Chasse et vols privés
Les dirigeants de T-Comalux n’ont pas pu justifier des factures émises par une société allemande, Flora, prétendument pour entretenir des terrains constructibles au Luxembourg. Or, selon un dirigeant de Flora en litige avec le promoteur, les travaux auraient porté en réalité sur l’entretien d’une chasse privée en Allemagne. Flavio Becca, dans son entretien à REPORTER, a toutefois démenti le caractère privé des dépenses.
Une grande partie des dépenses par carte Visa et Mastercard de Flavio Becca et de son entourage familial (1,7 million d’euros sur trois ans au total), que le promoteur justifiait dans le cadre de «sa position d’homme d’affaires national et international» n’ont pas été acceptées non plus, faute de factures détaillées et de relations économiques directes avec l’objet social T-Comalux.
L’administration fiscale a en outre refusé la déduction de frais de déplacement en avion privé, faute d’avoir eu de lien avec l’activité de T-Comalux, qui opère d’ailleurs principalement au Grand-Duché. «En considérant qu’aucun lien causal n’a été prouvé et que certaines factures mentionnent que les frais sont en relation avec Leopard, Gallano et Bpure, sociétés sans liens directs avec Promobe (fusionnée dans l’intervalle avec T-Comalux, ndlr), l’ensemble des frais de déplacement en avion est refusé», ont fait valoir les services de révision. Un tableau récapitulatif des montants considérés comme distribution cachée de bénéfice renseigne sous l’intitulé «reprise des frais de voyage», un montant de plus de 1,5 million d’euros de frais de voyage.
Fiscaliste chevronné à la rescousse
Le premier recours introduit par T-Comalux devant la juridiction administrative a donc été rejeté sur toute la ligne.
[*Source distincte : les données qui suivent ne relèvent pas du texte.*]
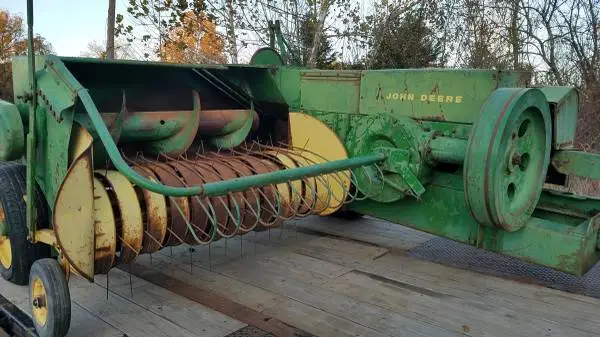 ISO - John Deere HD 10 Small Square Hay Baler - Wanted To BUY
Ses dirigeants s’étaient pourtant entourés d’un avocat fiscaliste chevronné, Me Jean Schaffner de l’étude Allen&Overy pour défendre son dossier. Il n’a pas pu convaincre les juges ni su justifier les liens entre l’activité de promotion immobilière de T-Comalux, les actions de sponsoring sportif, les frais de voyage ou les honoraires juridiques (120.000 euros en 2012).
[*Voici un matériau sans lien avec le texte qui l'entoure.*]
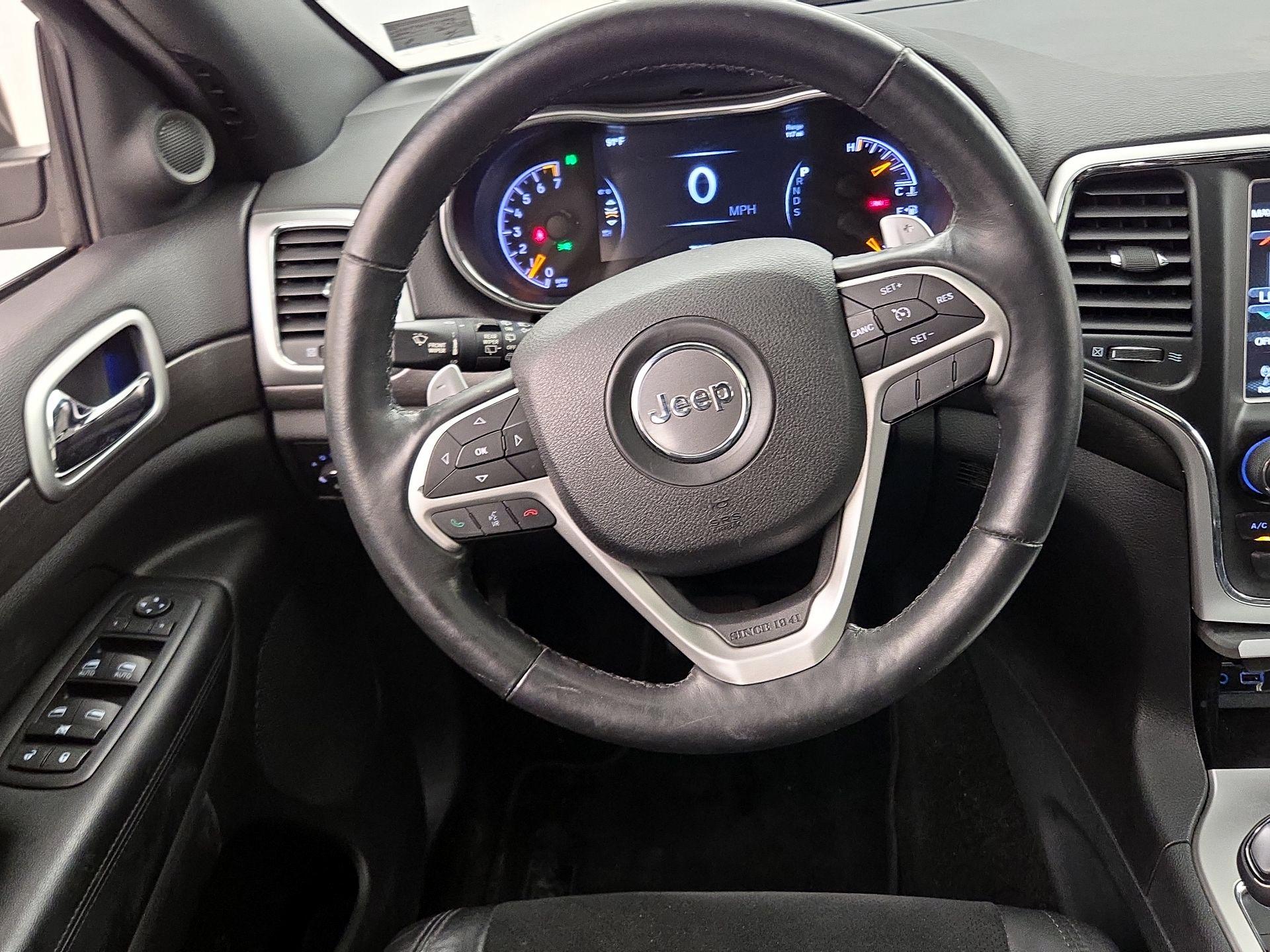 Thumbnail: 2015 Jeep Grand Cherokee - 10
L’avocat a reproché aux autorités fiscales leur ingérence dans la gestion des affaires de T-Comalux. Les juges ne l’ont pas vu sous cet angle.
Les magistrats ont également rejoint l’ACD sur le caractère non approprié du loyer de la maison de Leudelange, au regard du capital investi, de la superficie et du montant du loyer et des charges.
Daniel Gillard, le bras droit de Flavio Becca, a considéré dans son entretien à REPORTER que les juges de première instance, submergés par les recours des demandeurs de protection internationale, auraient été en défaut de faire un traitement «différencié et correct» du dossier T-Comalux. D’où la décision de faire appel du jugement devant la Cour administrative.
D’autres dossiers fiscaux sont encore pendants devant les juridictions administratives. Les bilans 2016 de Promobe, société qui a fusionné avec T-Comalux en 2014, évoquaient d’autres redressements importants sur les exercices 2011 à 2014. Le rapport d’activité notait une provision pour impôts d’un montant de 5,35 millions d’euros pour 2016 et indiquait qu’un échec des recours en justice signifierait une modification du modèle économique de la société.